El steampunk es un nutrido programa contra-cultural, cuya expresión abarca de manera transversal todas las artes, desde la literatura a la artesanía, pasando por la música, el cine y la alta costura.
Los orígenes de esta sub-cultura se remontan a la tradición del conte philosophique, forma literaria emparentada de cerca con las visiones soñadas y los viajes imaginarios de la literatura medieval europea, mediante la cual se pretendía explorar los grandes misterios de la ciencia contingente valiéndose de recursos literarios para justificar eventos inviables. Imagina una suerte de Divina Comedia con implicaciones cósmicas, toma el Cielo o el Infierno y remplazarlos por una estrella o un lugar lejano y tendrás un panorama aproximado de la idea.
Esta manera de hacer ficción “científica” fue cultivada por sendos personajes de la historia de la ciencia, tales como Francis Bacon —quien refinó y popularizó el método científico—, o Johannes Kepler, quienes echaban mano a los recursos de la imaginación para llenar el vacío que hoy es posible llenar gracias a la técnica y los milagros de la ingeniería.
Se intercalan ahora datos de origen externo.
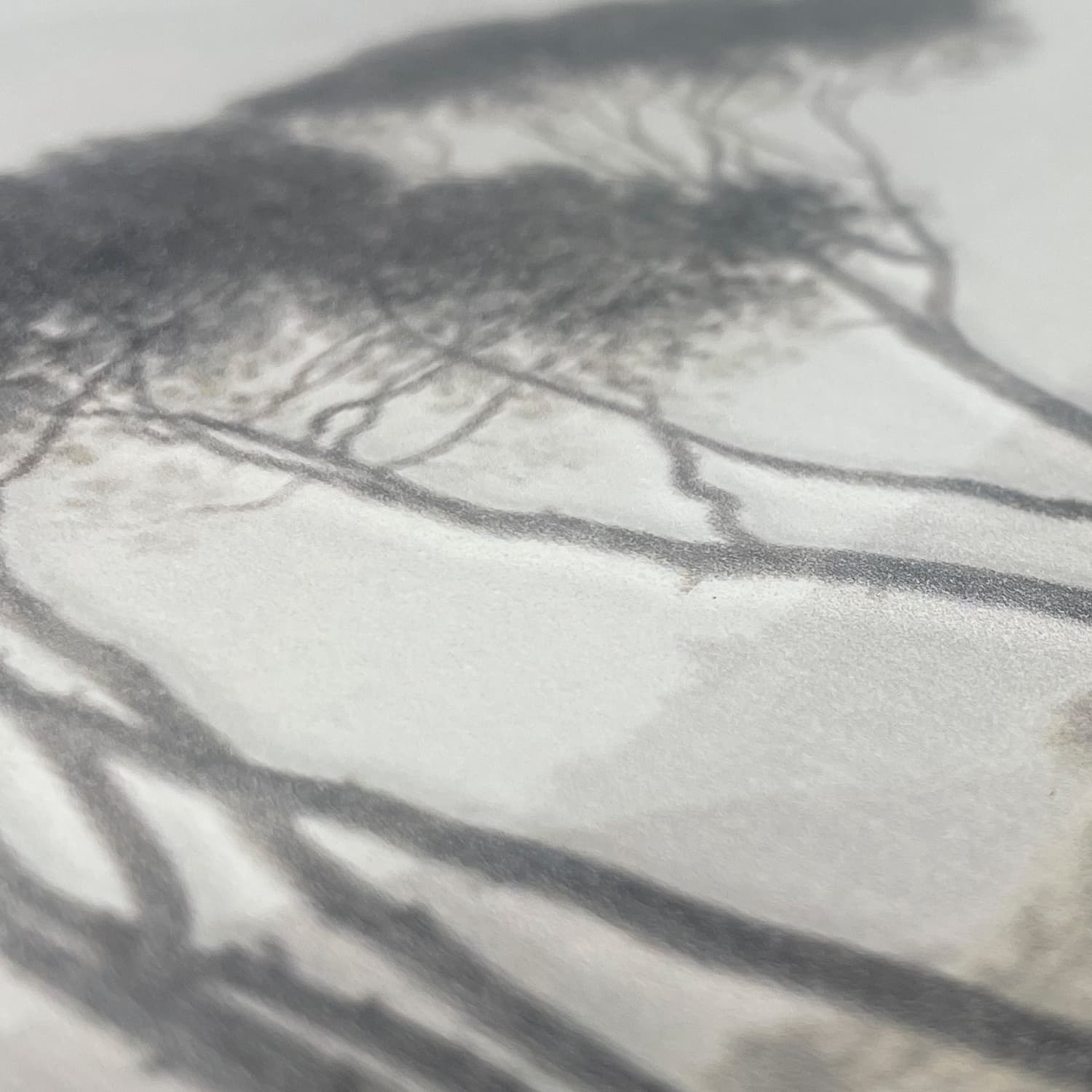 Adriani & Rossi Canova – Tree Color – 3D — фото 3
En aquel tiempo, por supuesto, las audiencias (aún a medio camino entre la forma embrionaria de la ciencia positivista y las viejas creencias mágicas del pasado) no eran tan exigentes como quizá lo sean hoy, por lo que durante cierta cantidad de años, los cuentos filosóficos gozaron de una buena reputación entre los aficionados a este tipo de materias.
Así fue, al menos, hasta principios y mediados del siglo XIX.
El Giro de Tuerca
Con la llegada de la Revolución Industrial no sólo se sentaron las semillas del positivismo científico, sino que, aunque en la misma línea, se terminó el largo proceso de decantación mediante el cual lo que hoy llamamos "ciencia" logró separarse de disciplinas de raigambre arcano y misterioso. Este remezón en los cimientos de la ciencia moderna significó un cambio de actitud frente a todas las viejas creencias que, en ese entonces , convivían con procedimientos más empíricos, en desmedro de prácticas arcanas como la magia, la alquimia y los métodos adivinatorios.
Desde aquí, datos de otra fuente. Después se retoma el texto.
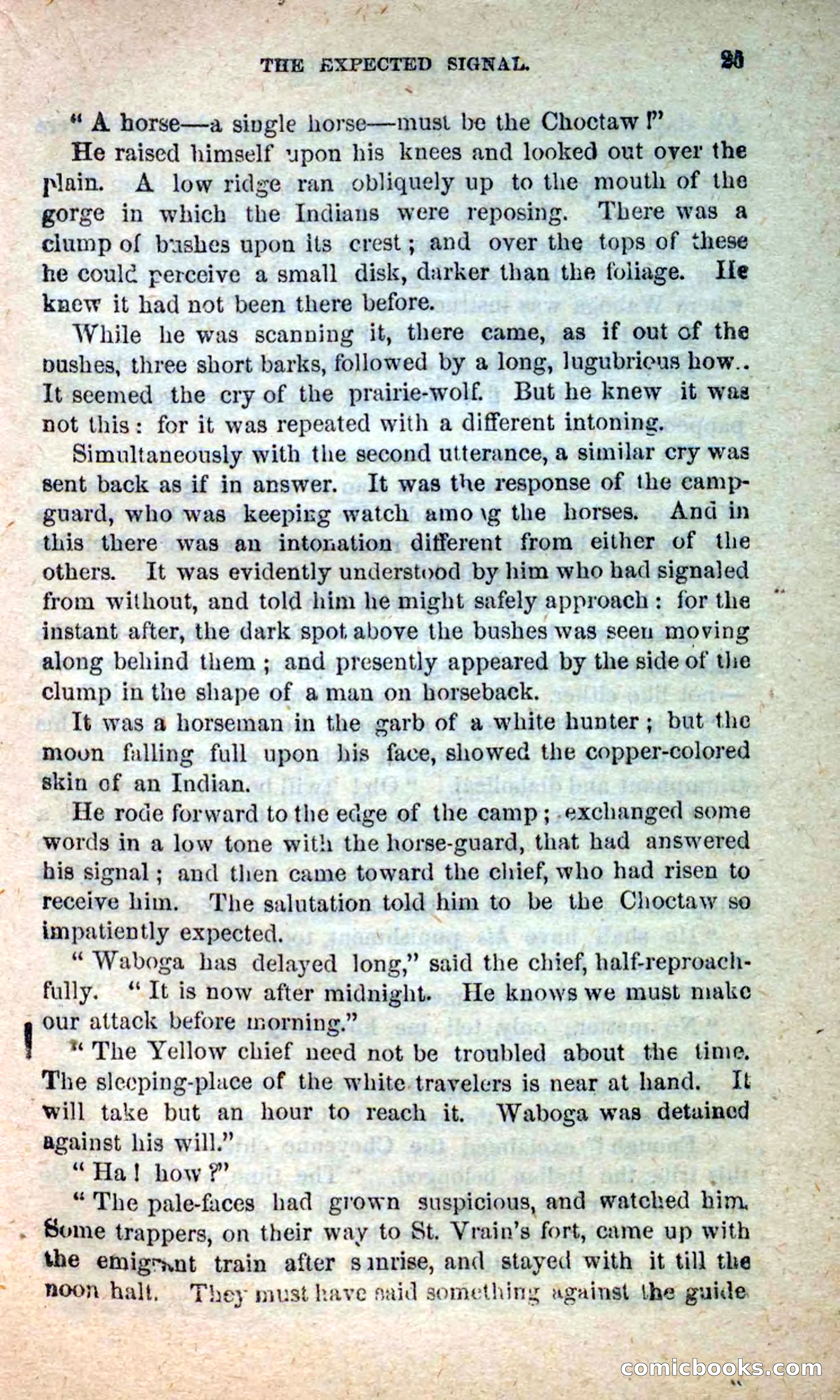 Beadle's New Dime Novels: Blue Dick — page 21 of 100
Pese a que una parte importante de la población continuó aferrada a las creencias esotéricas, lo cierto es que el cambio en la forma de pensar afectó, al menos, la percepción del cuento filosófico. Así como estaban las cosas, era imposible quedar satisfecho con una narración que, teniendo pretensiones científicas, intentara justificarse mediante recursos imaginativos, más propios de la poesía que de la ciencia. El público empezó a pedir obras que, siendo capaces de cubrir el abanico temático de los contes, fueran capaces de presentar planteamientos verosímiles. En ese momento se sentaron las bases de la ciencia-ficción contemporánea.
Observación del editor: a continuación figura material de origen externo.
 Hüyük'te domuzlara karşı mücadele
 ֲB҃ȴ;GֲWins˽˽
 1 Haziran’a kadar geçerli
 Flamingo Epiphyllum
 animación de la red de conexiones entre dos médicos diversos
El primer autor que fue capaz de satisfacer los nuevos requerimientos de la audiencia fue el norteamericano Edgar Allan Poe. Su cuento The Balloon Hoax (originalmente una falsificación pensada como artículo periodístico), logró el equilibrio perfecto entre ficción y realidad. Valiéndose de una cuidadosa consideración de los detalles, Poe convenció momentáneamente a sus lectores de la viabilidad de los viajes transatlánticos en globo, que eran entonces imposibles. Al mismo tiempo, logró actualizar y reinventar el cuento filosófico; o, al menos, sentar las bases para su correcta evolución.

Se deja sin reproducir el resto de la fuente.